From these values, the t-statistic was found to be:
\(t = \frac{(\bar{x} - \mu_{H0})}{s_{\bar{x}}} = \frac{70.31-70}{0.5853} = 0.5302\)
and the p-value was:
\(p = 0.6002\)
The t-distribution, like the z-distribution, is the distribution of scores that you’d expect from an experiment if the null hypothesis is true. That’s why it’s centered around zero. On average your observed mean will be somewhere around the null hypothesis mean.
Let’s look at where our t-statistic (t = 0.5302) falls compared to the rejection region (using a two-tailed test with \(\alpha = 0.05\)):
You can see why we failed to reject \(H_{0}\). Our t-statistic (blue line) falls outside the rejection region (red tails).
With a little algebra we can rearrange the above equation to:
\[ \bar{x} = \mu_{H_0} + s_{\bar{x}} \times t \] This equation says that if the null hypothesis is true, then the expected distribution of means is shaped like a t-distribution scaled by \(s_{\bar{x}} = 0.5853\) and centered at \(\mu_{H_0}\).

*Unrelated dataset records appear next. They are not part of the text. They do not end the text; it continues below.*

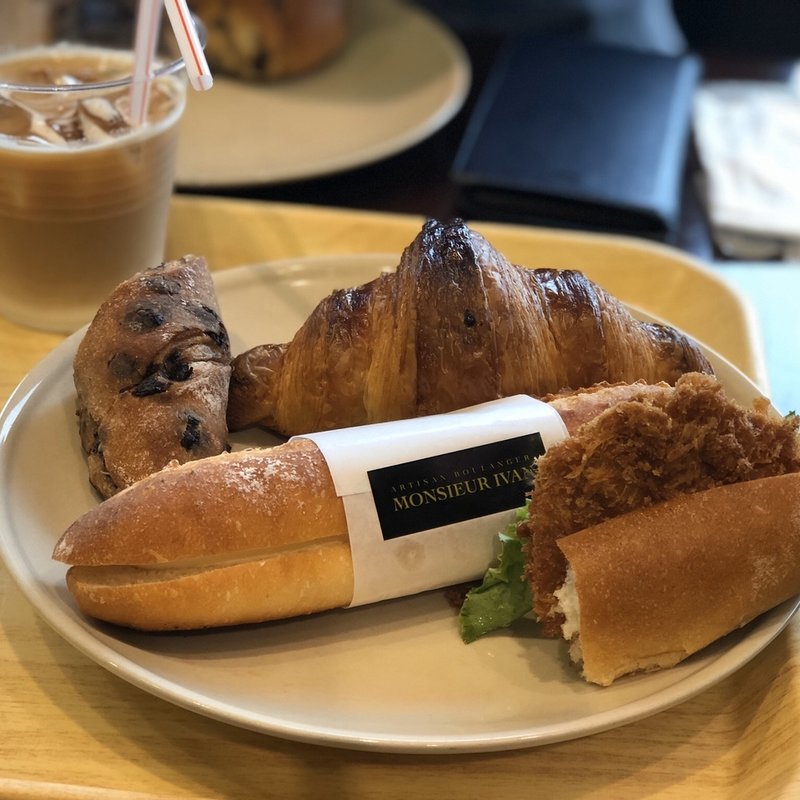 クロワッサン(ムッシュイワン 立川店)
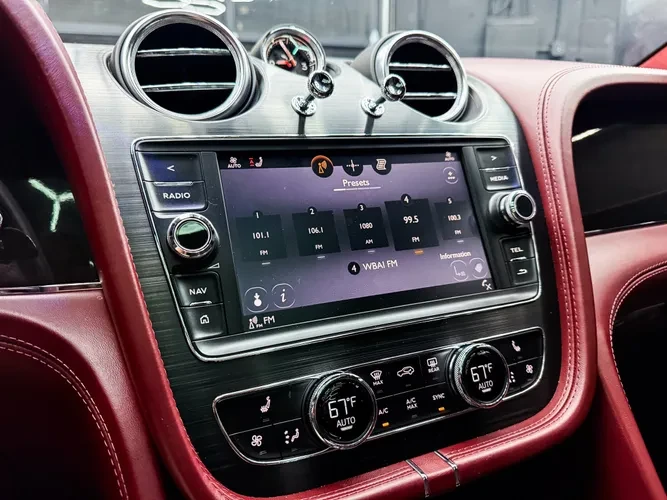 2019 Bentley Bentayga - Image 18 of 20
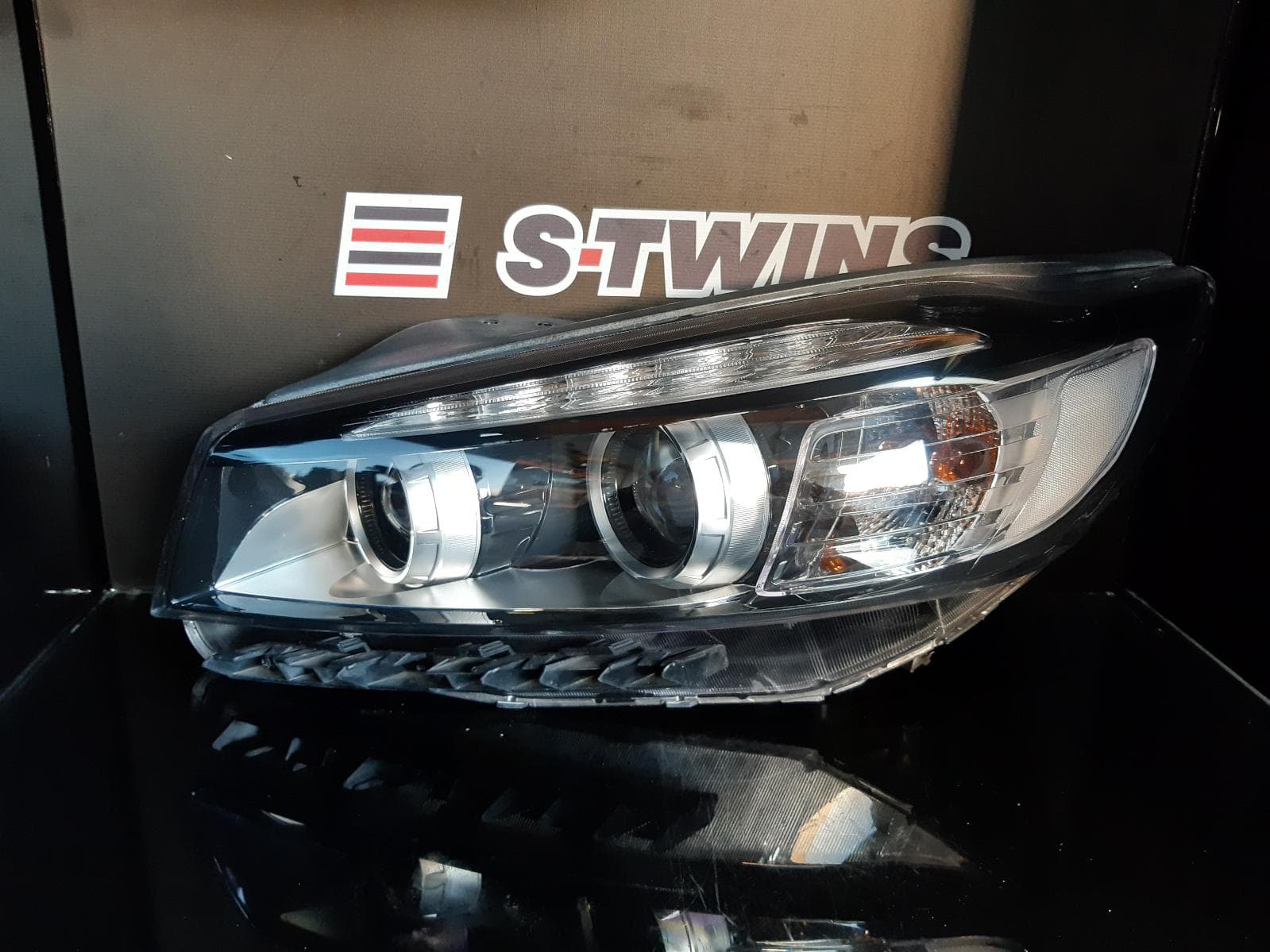 Used auto part listing image: 2017 KIA SORENTO LEFT HEADLAMP UM, Si/SLi, HALOGEN TYPE, 03/15-08/17 0000109449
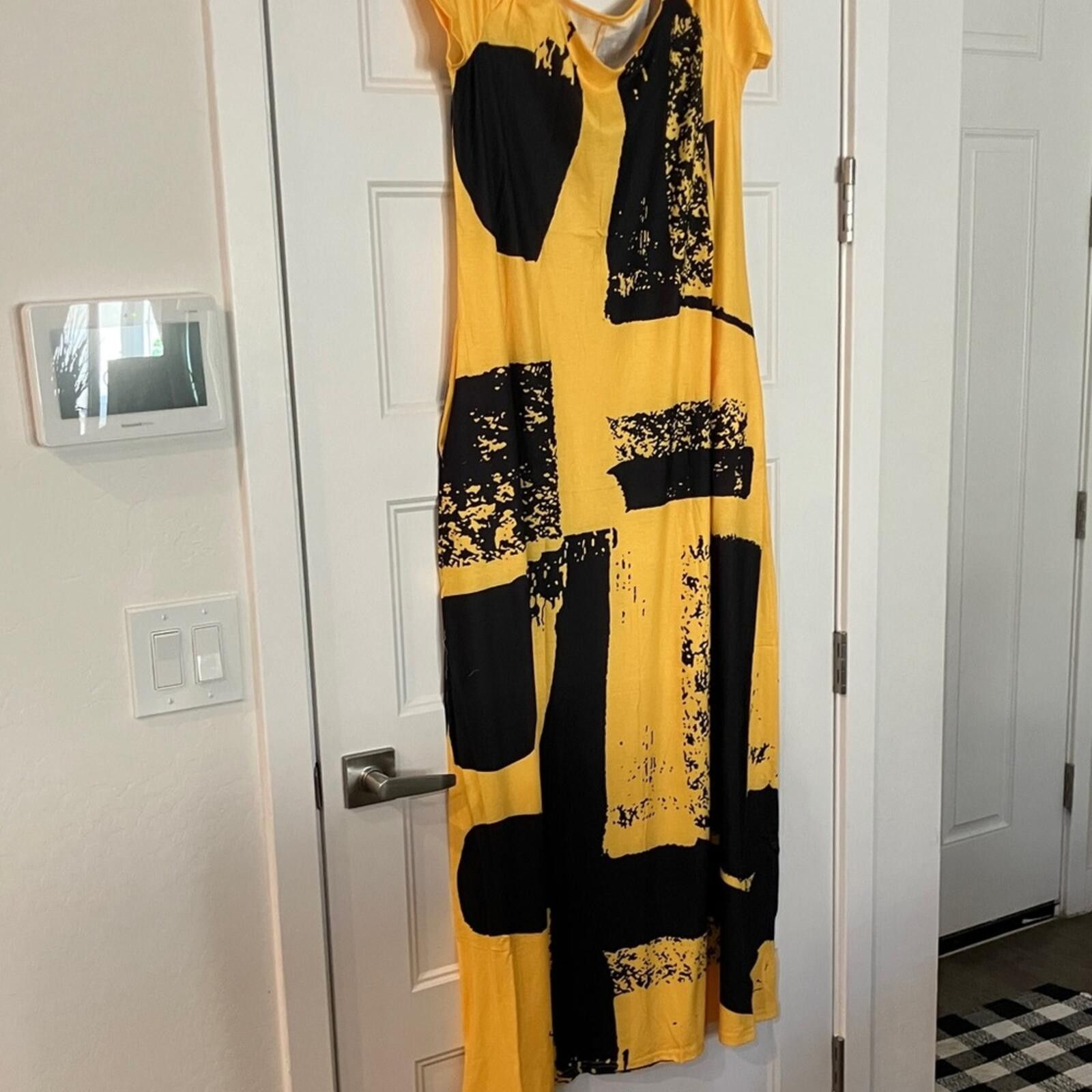 Other NIB Yellow and Black Abstract Print Maxi Dress - Women Size XL / US 12-14 / IT 48-50 - 2 Thumbnail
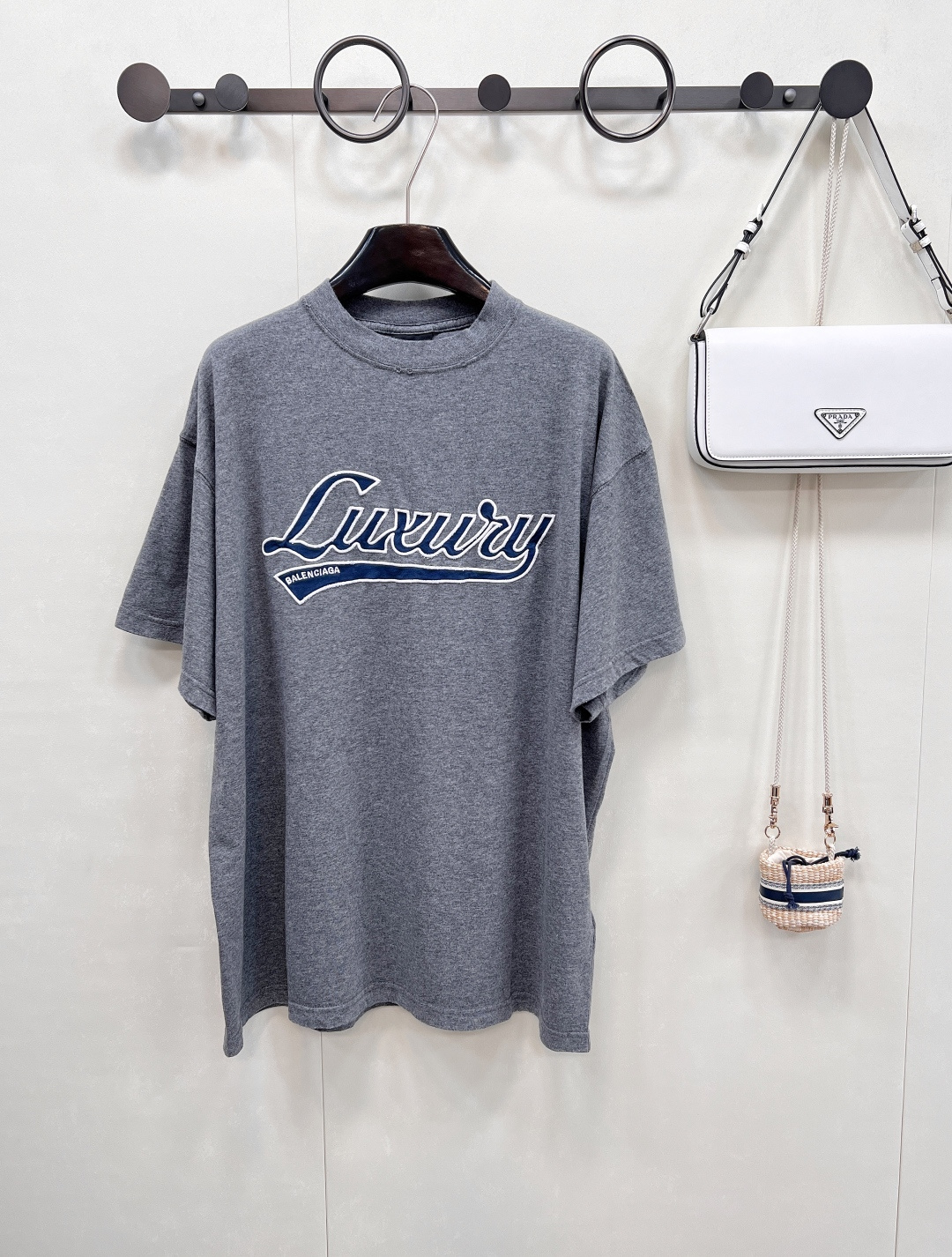 NO:444954,BALENCIAGA Letter patch embroidered short-sleeved T-shirt, original product. It took more than a dozen times to get this satisfactory effect. It can distinguish the difference between the market and the original version. It is so handsome. Boyfriend style outfit. It is so comfortable to wear it in summer. It is very trendy and simple and yet has a sense of design. Who can not love it? The style is super good. Lazy and casual. The same style for men and women, the three standards are complete, and the large product is available. Size xssml code,,balenciaga,T-shirt,tees,t-shirt,alexander wang19860909BALENCIAGA 字母贴片刺绣短袖T恤,原版开货 光刺绣调针处理了十几次才到这个满意效果 可以区分市场跟原版打版的区别  太帅气了 男友风穿搭 夏天这么穿太舒服了 潮流感十足 简单又不失设计感 谁能不爱 版型超级好 慵懒随意 男女同款,三标齐全,大货出 尺码xssml 编码,,balenciaga,T-shirt,tees，t-shirt,alexander wang,Women's clothing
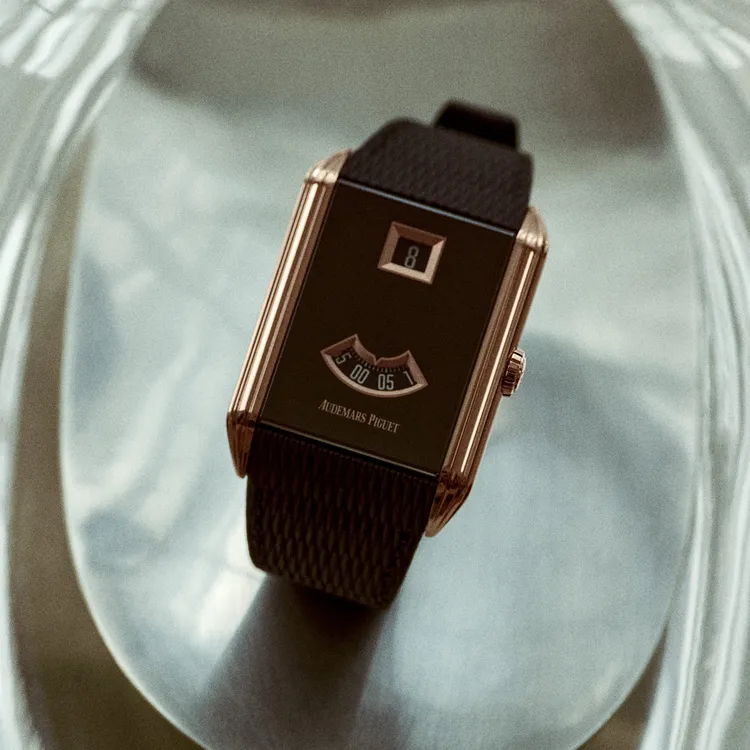 AP NEO FRAME JUMPING HOUR跳時腕錶，34.6*34mm，18K玫瑰金矩形錶殼，黑色PVD處理藍寶石錶盤，黑色紋理小牛皮錶帶，7122自動上鍊機芯，動力儲存52小時，防水深度20米。品牌提供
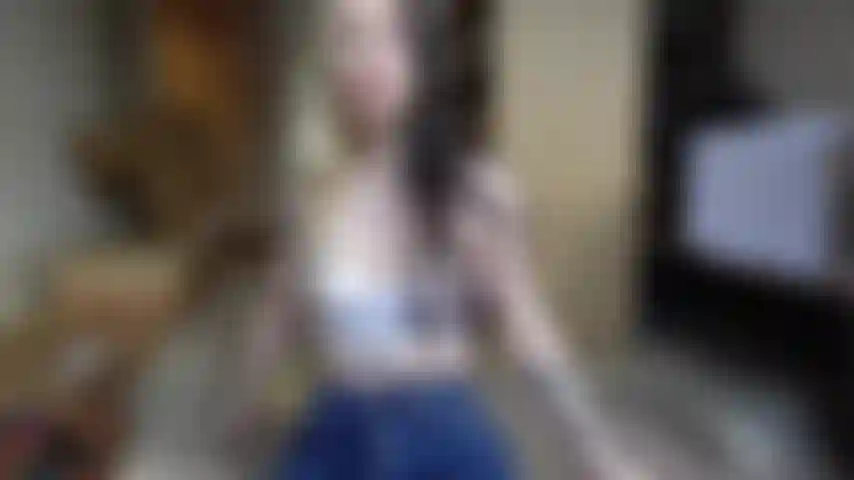 Buttcrack babe baut möbel.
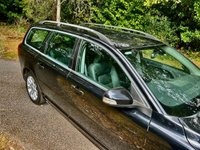 USED 2010 10 VOLVO V70 2.4 D5 SE Estate 5dr Diesel Geartronic Euro 5 (205 ps) RETIRED GENTLEMAN OWNER SINCE FEB 2015//X18 SERVICE HISTORY STAMPS //CAMBELT RENEWED @76,000 MILES//FULL BLACK LEATHER HEATED SEATS//CRUISE CONTROL//HEADLIGHT WASHERS//ROOF-RAILS\\\\PART EXCHANGE TO CLEAR\\\\ (205 ps) RETIRED GENTLEMAN OWNER SINCE FEB 2015//X18 SERVICE HISTORY STAMPS //CAMBELT RENEWED @76,000 MILES//FULL BLACK LEATHER HEATED SEATS//CRUISE CONTROL//HEADLIGHT WASHERS//ROOF-RAILS//PART EXCHANGE TO CLEAR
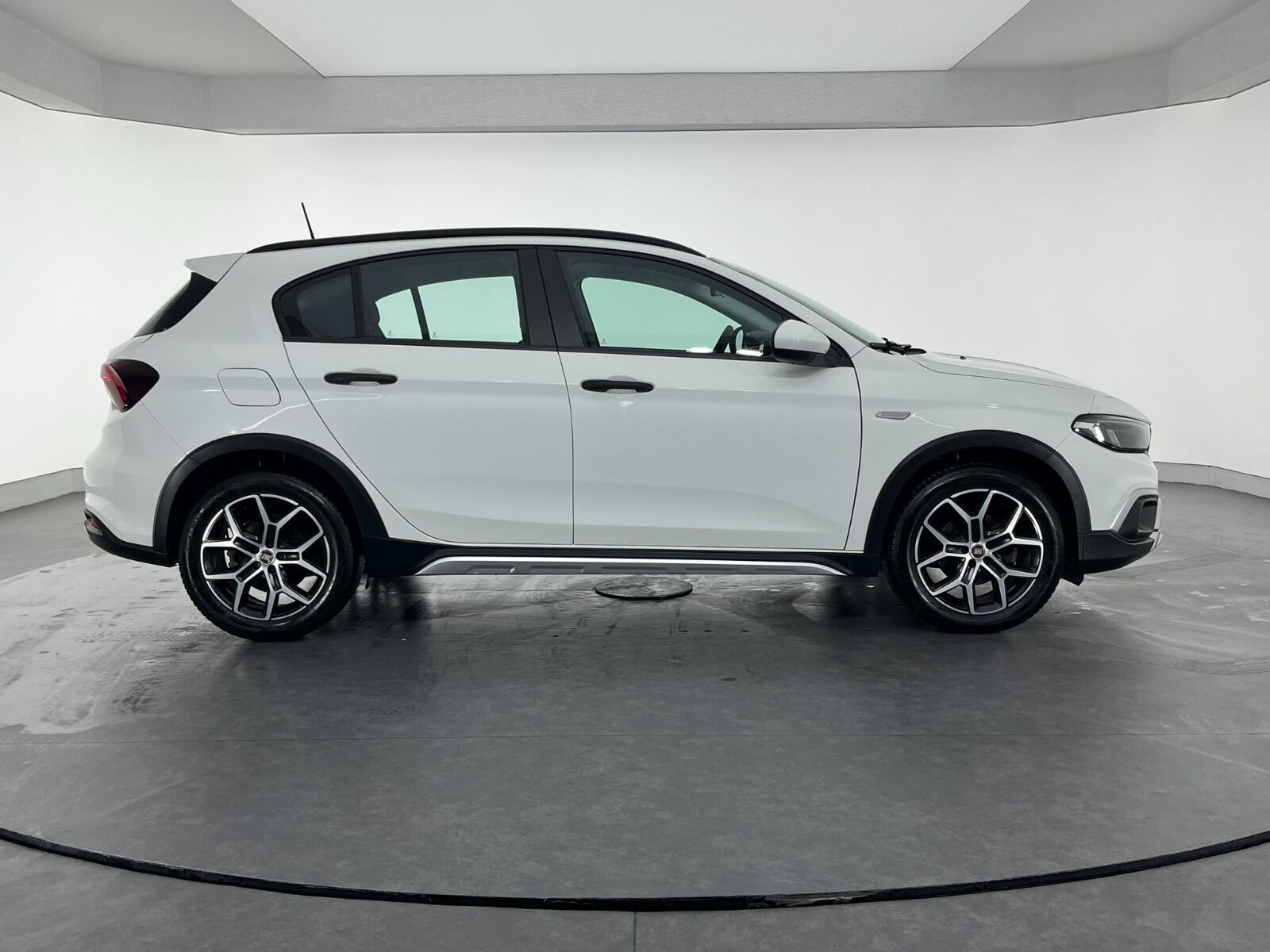 Fiat Egea Cross 1.6 MultiJet Urban GSR Traction+ DCT - 2024 - Detay
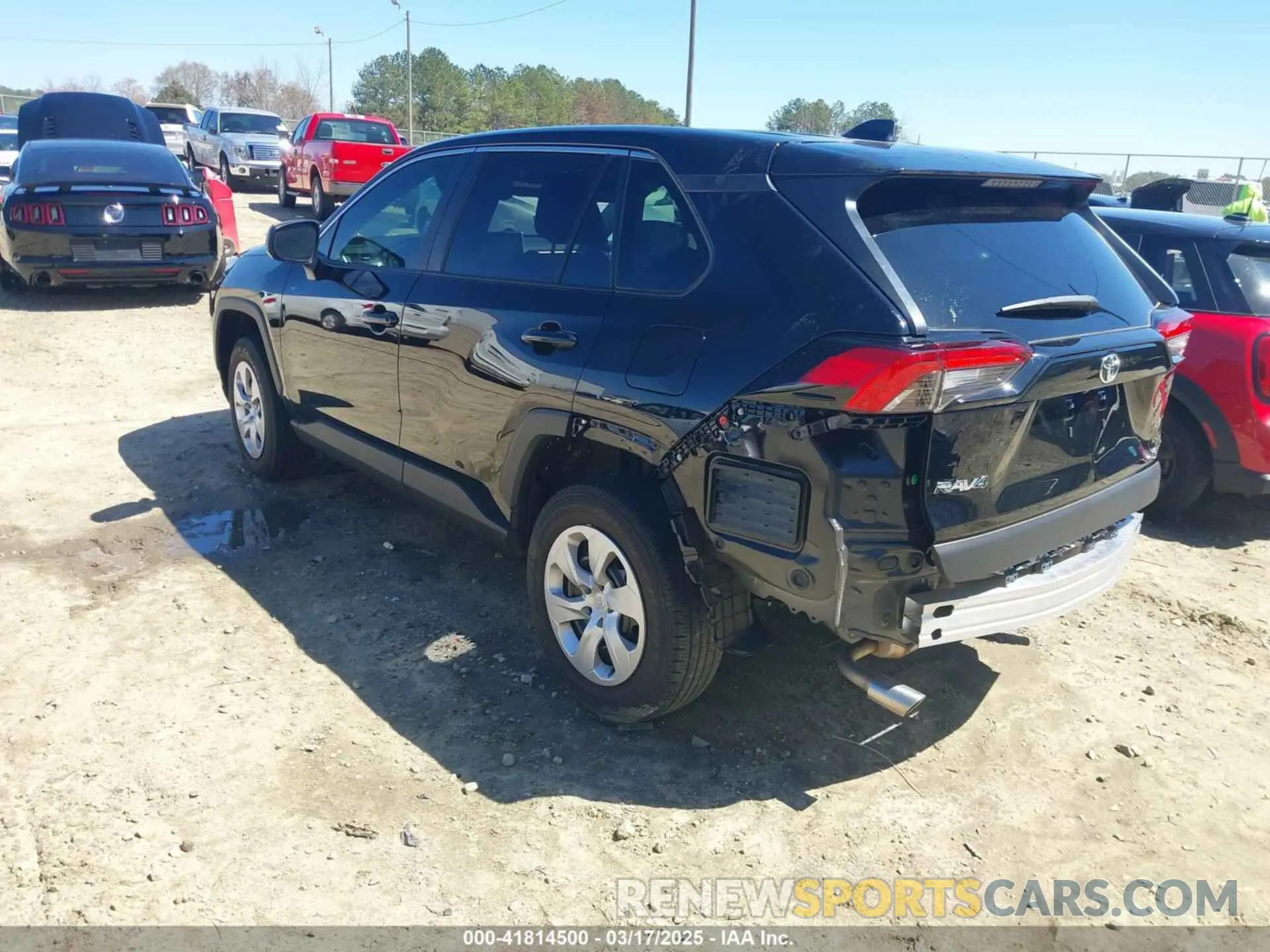 3 Photograph of a damaged car 2T3H1RFV2PC239290 TOYOTA RAV4 2023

Here’s a plot of the distribution of means expected if the \(H_{0}\) is true. Instead of shading the outer 5% in red, I’ve shaded the middle 95% in blue:
This looks just like the picture for the t-distribution, but shifted into our measured value of inches. Again you can see how the observed mean of 70.3103 falls with respect to the middle 95% of the distribution of means.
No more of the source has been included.